In the mid-1990s, I earned $25 per article for a local newspaper and considered that way too low… and that was almost 30 years ago. It’s worth noting that I only agreed to it because I was a new writer who needed to build up some bylines fast (I was about to start writing materials for Lucasfilm’s Star Wars licensed universe, and bylines were required for submission). Also, the editor was a friend of mine, which goes a long way with me.
$10 an article… in 2023.
That means my pay would have been between $2 and $3 per hour.

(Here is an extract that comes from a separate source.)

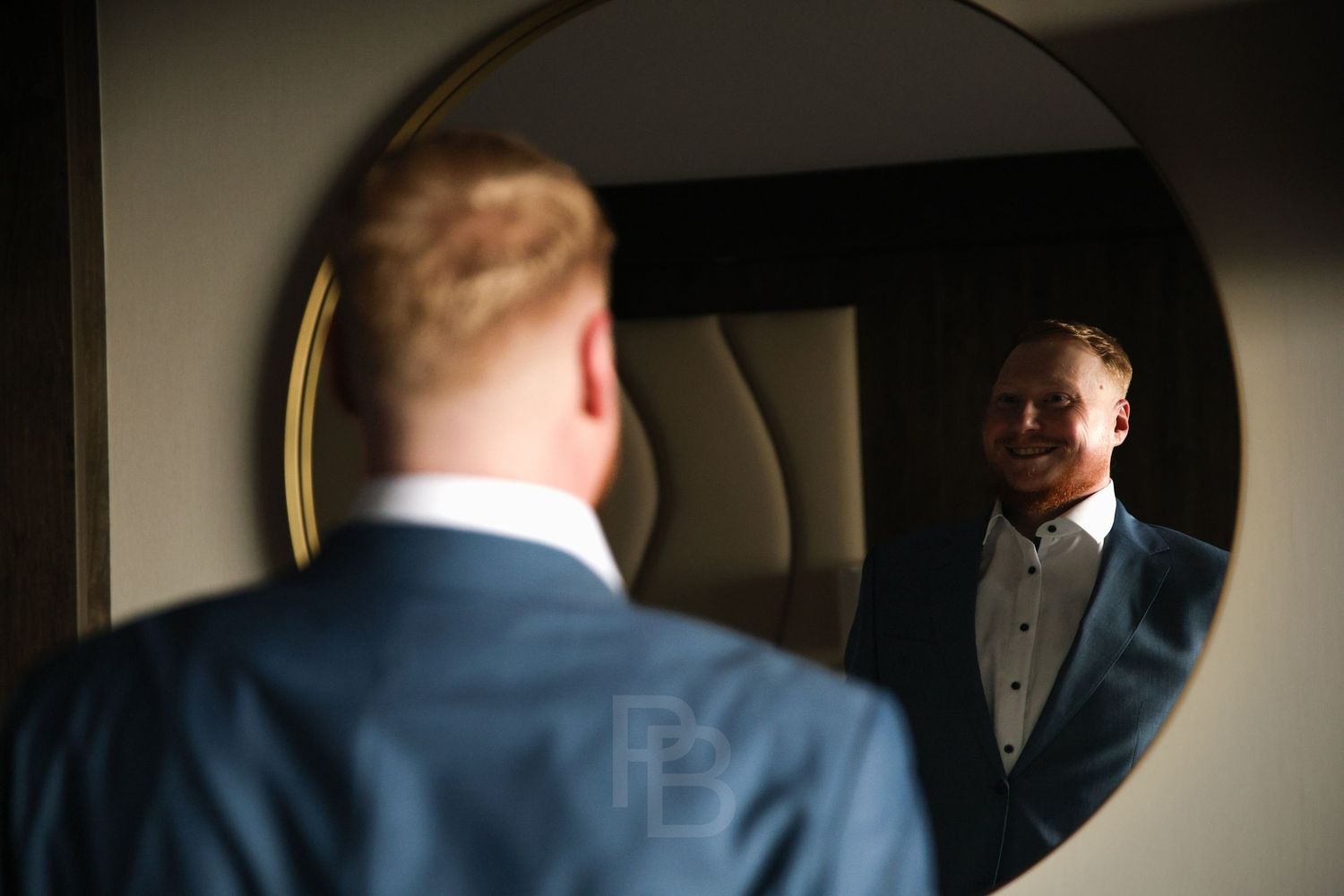 Aufnahme von einer Hochzeit.
Bräutigam schaut aufgeregt in den Spiegel.
(Ort: Timmendorfer Strand, Fotografin: Philina Becker)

I made more than that in high school, at a Burger King in a rural area, back in the mid-1980s.
A quality article requires research, (sometimes) interviews, writing, rewriting, fact-checking, editing, and (sometimes) locating photos. It could take three to five hours to complete. I’d be doing all that for $10. And the website that offered it is a major website with a large readership and a lot of high-paying ads. They should be able to pay a lot more than that.
So if I were to write 20 articles a day, then I could make $200. With 100 articles per five-day week, that would come out to 5,200 articles per year, and I’d make $52,000. If I upped it to 30 articles a day, I’d make $78,000. Not bad! And if I put in the overtime and wrote 40 articles a day, I’d clear six figures. So, hey, this could be very lucrative indeed… as long as I somehow changed the laws of physics, increased a day on Earth from 24 hours to 400 hours, and wrote 10,400 articles between now and next July.
That’s how devalued my field has become. Freelance editors and journalists are viewed as worth less than burger-flippers were during the Ronald Reagan era. This is the writing equivalent of clueless influencers asking artists to create art for “exposure.”
Ten… freakin’… dollars. Per article. Not 30 years ago. Today.
This past weekend, my wife helped to organize a local fundraiser. There was a food vendor there selling $10 lemonades. So this company was offering to pay me a lemonade for every article I spent hours writing. I am thirsty and I do love lemonade, but… no.
Pay your writers and editors what they are worth. This should, of course, go without saying, but it apparently needs to be said anyway.